## Work order
Once you have found the line with "Birds of Spain" in the records below, retype it and every line after it to the end exactly, with no pictures and nothing more.
[The records — start]
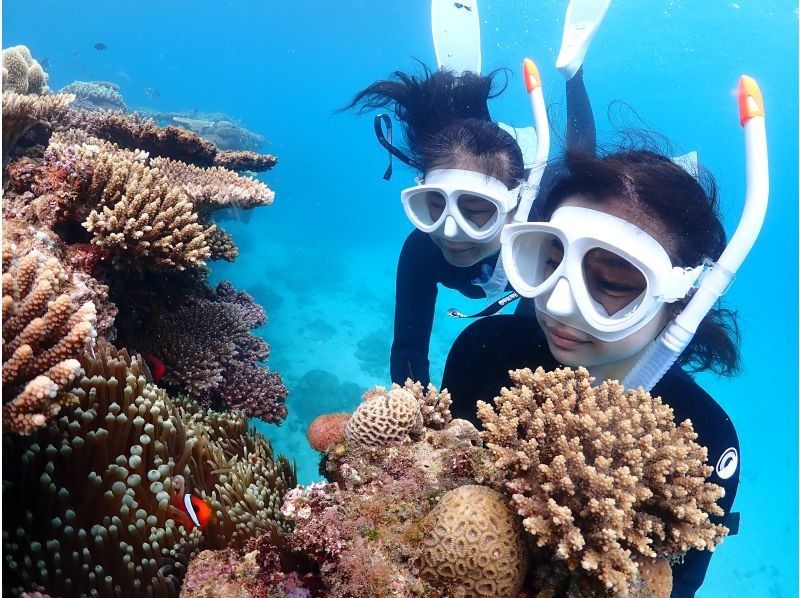 Okinawa, Motobu Town, Gorilla Chop Beach is a popular spot with beautiful corals and fish on white sand / Skin diving ꕥ Beginners are welcome! Recommended for families, couples and women!の紹介画像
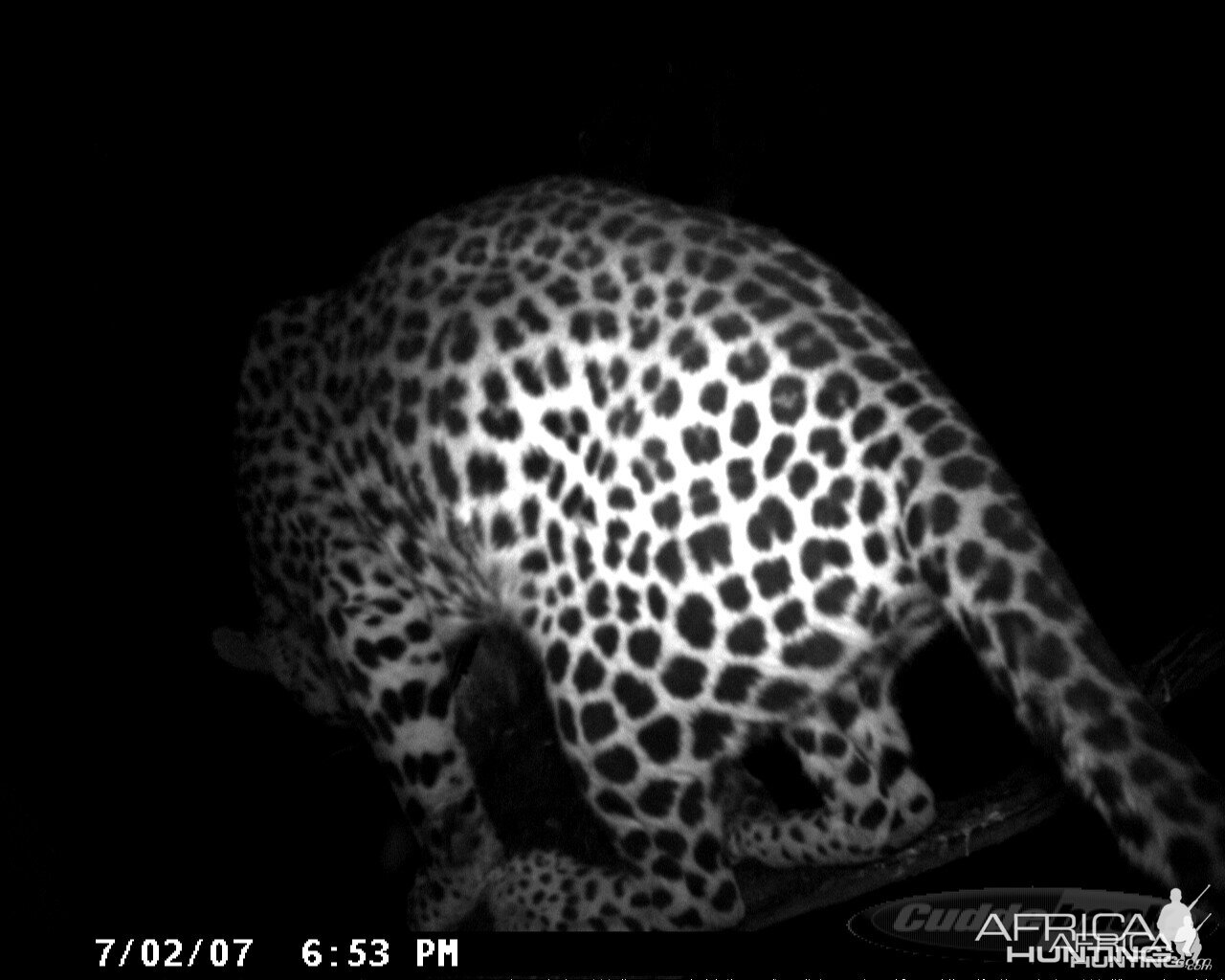 Leopard on Bait in Namibia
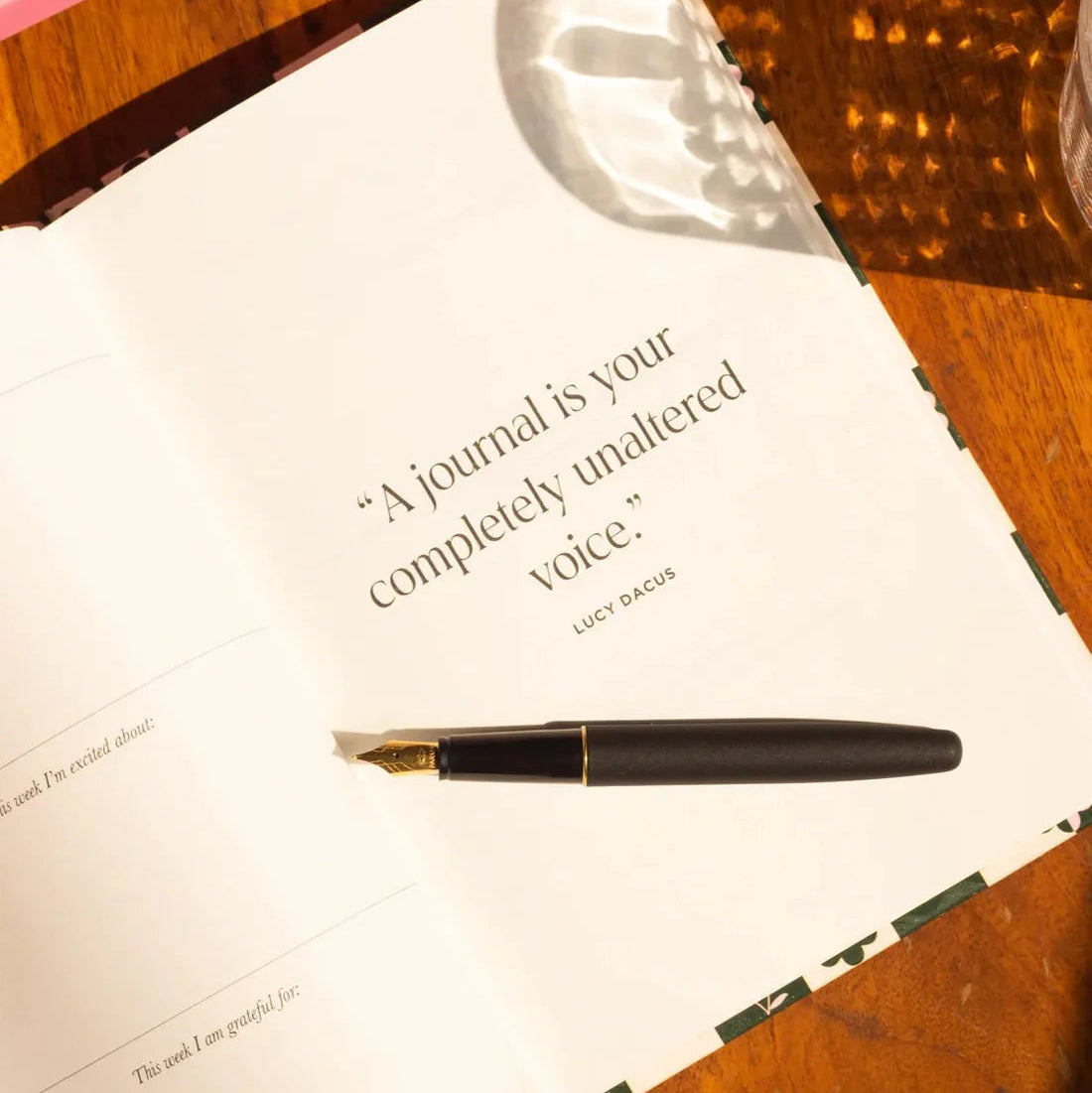 Resolve x Odd Giraffe Wellness Journal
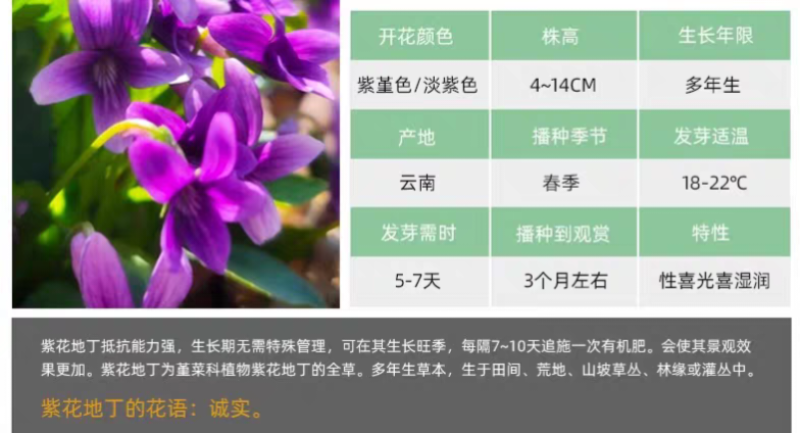 紫花地丁厂家货源批发价格全国发货价格便宜欢迎下单咨询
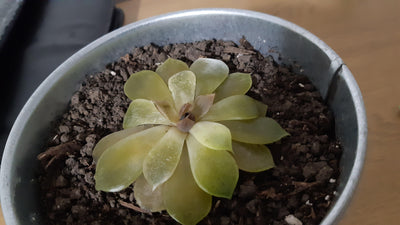 Why is My Succulent Dying? Common Causes and Solutions
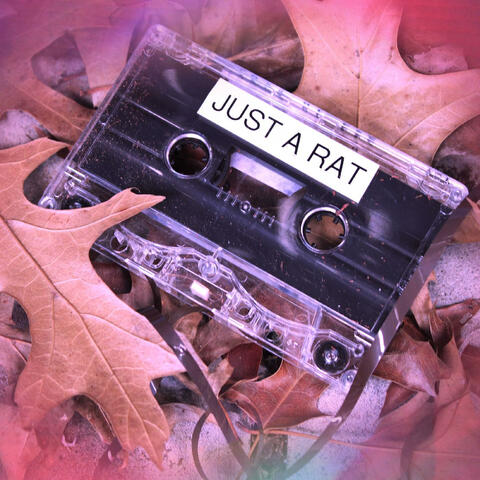 Just a Rat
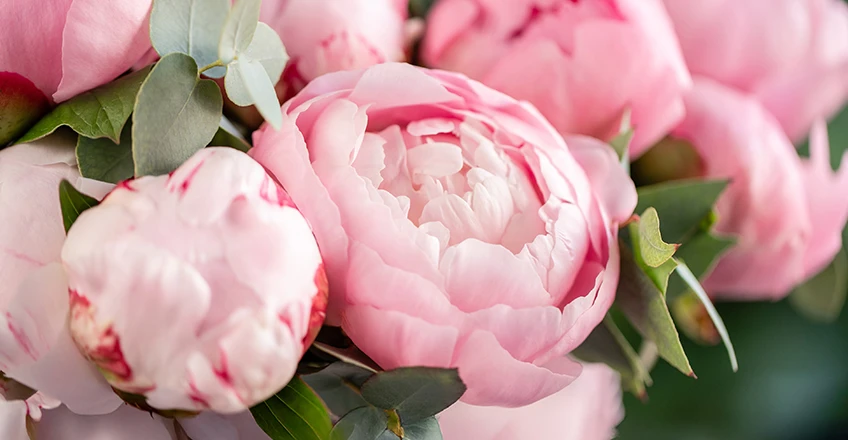 Peony Bg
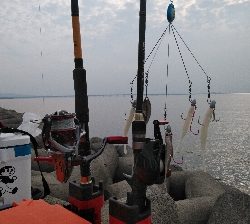 復活のアラバマン!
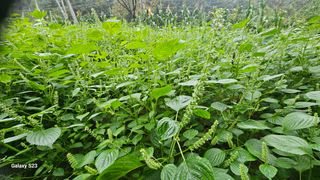 서상진님의 자유주제 · 자유게시판 작성글 사진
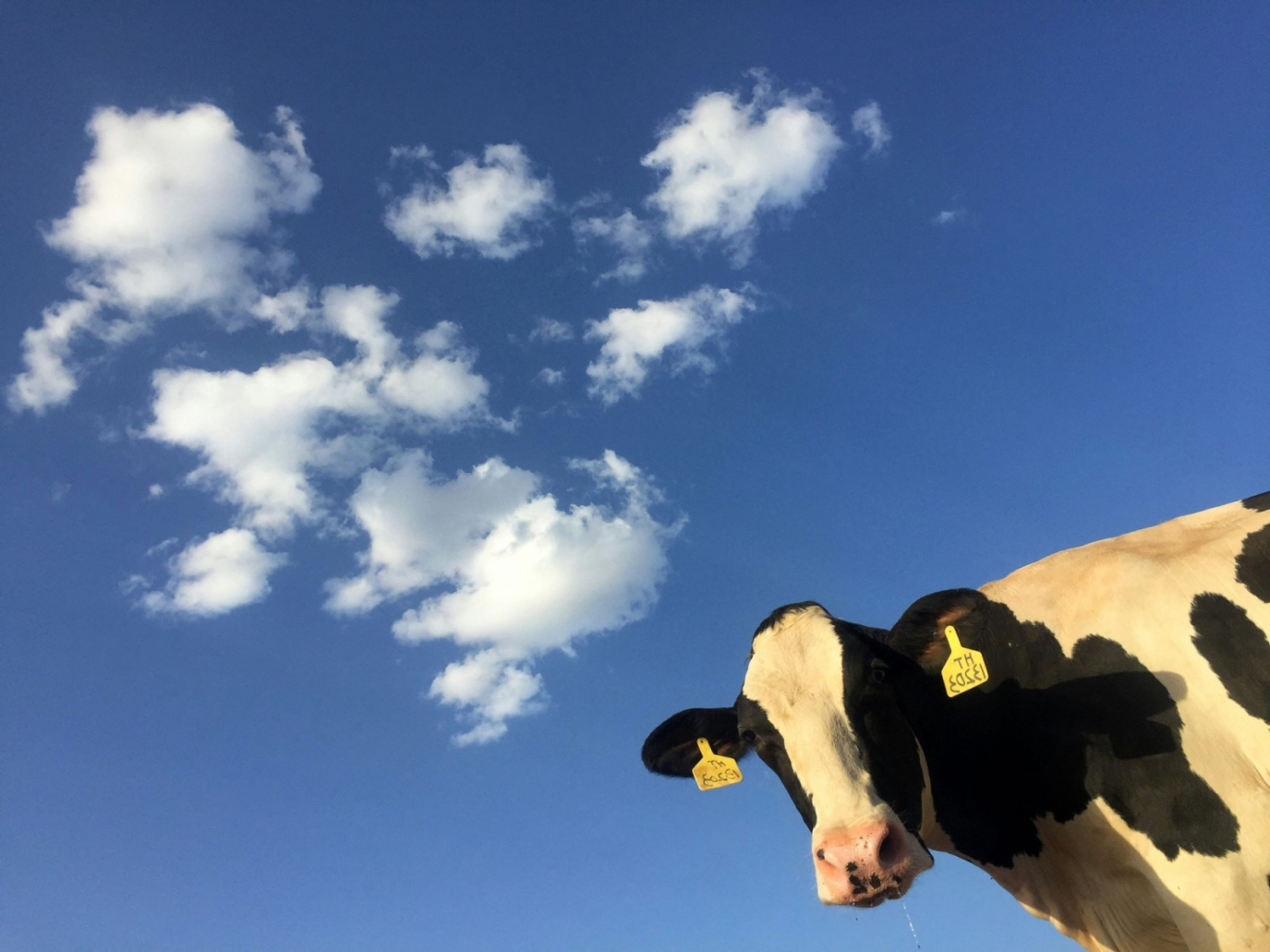 EU: 90% emissions cut by 2040, with the help of nuclear power but without that of agriculture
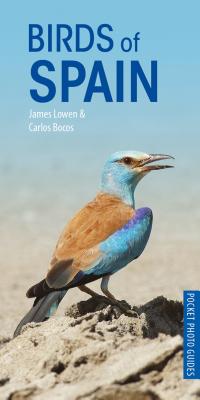 Birds of Spain (Pocket Photo Guides) By James Lowen, Carlos Bocos Gonzalez Cover Image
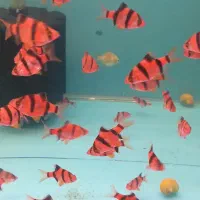 ماهی زینتی|ماهی|اسلامشهر, مطهری|دیوار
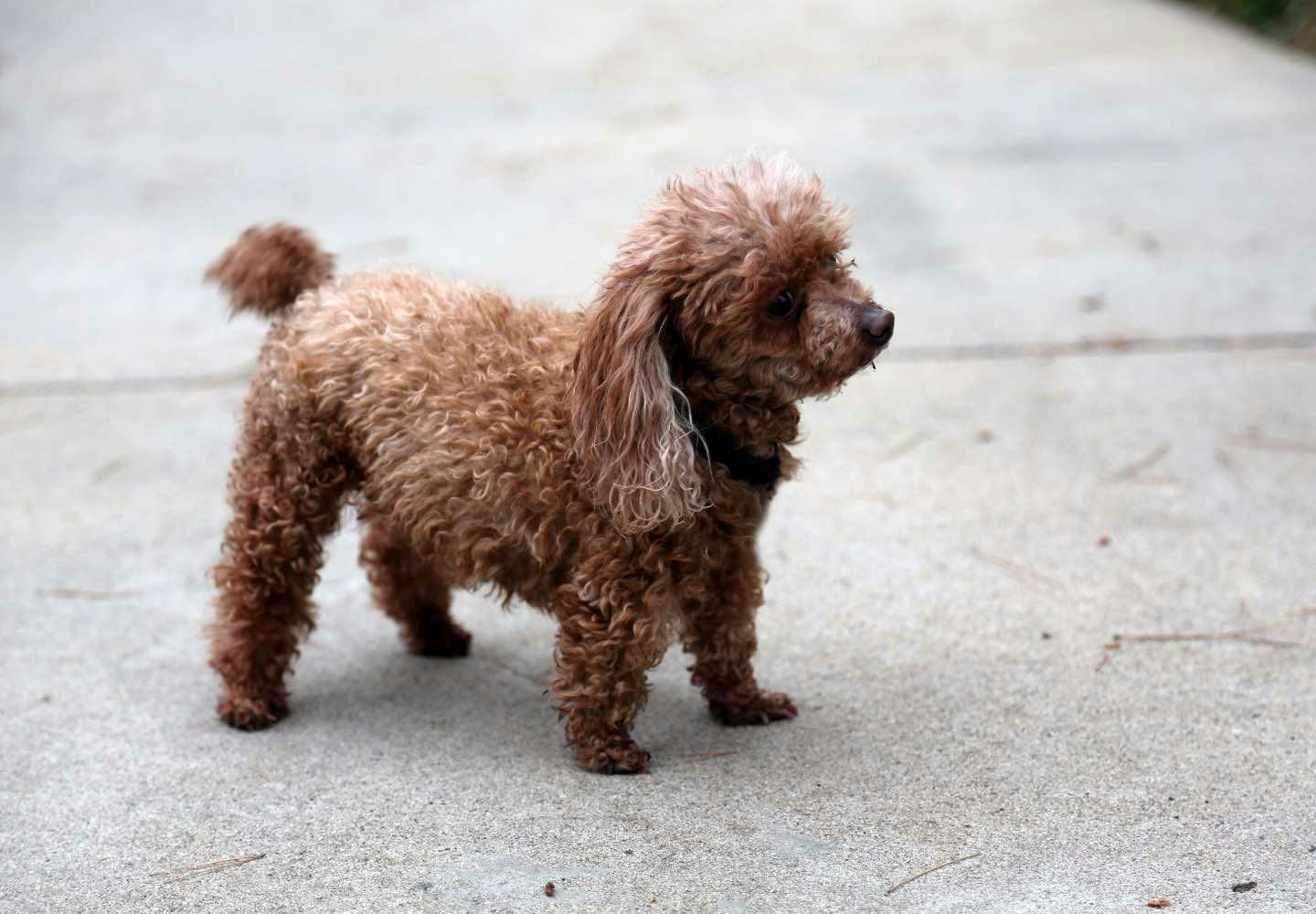 プードルにはどんな種類がある？サイズや毛色、飼い方のコツなど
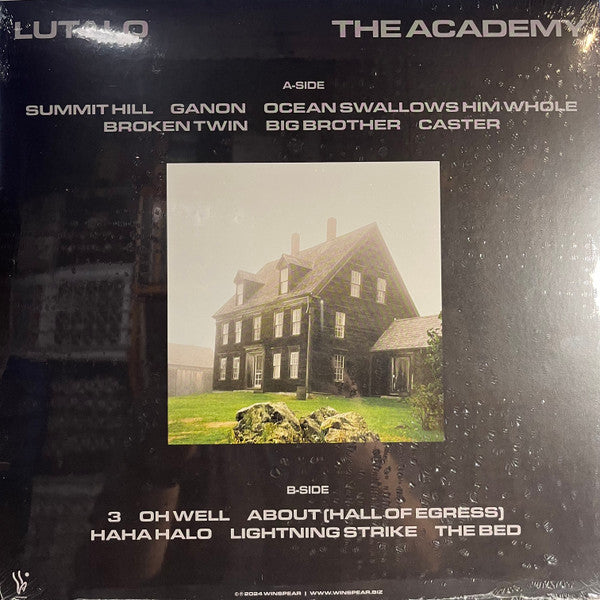 Lutalo - The Academy | Mint (M) Mint (M)-Music History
[The records — finish]
## Solution to this exercise
 Birds of Spain (Pocket Photo Guides) By James Lowen, Carlos Bocos Gonzalez Cover Image
 ماهی زینتی|ماهی|اسلامشهر, مطهری|دیوار
 プードルにはどんな種類がある？サイズや毛色、飼い方のコツなど
 Lutalo - The Academy | Mint (M) Mint (M)-Music History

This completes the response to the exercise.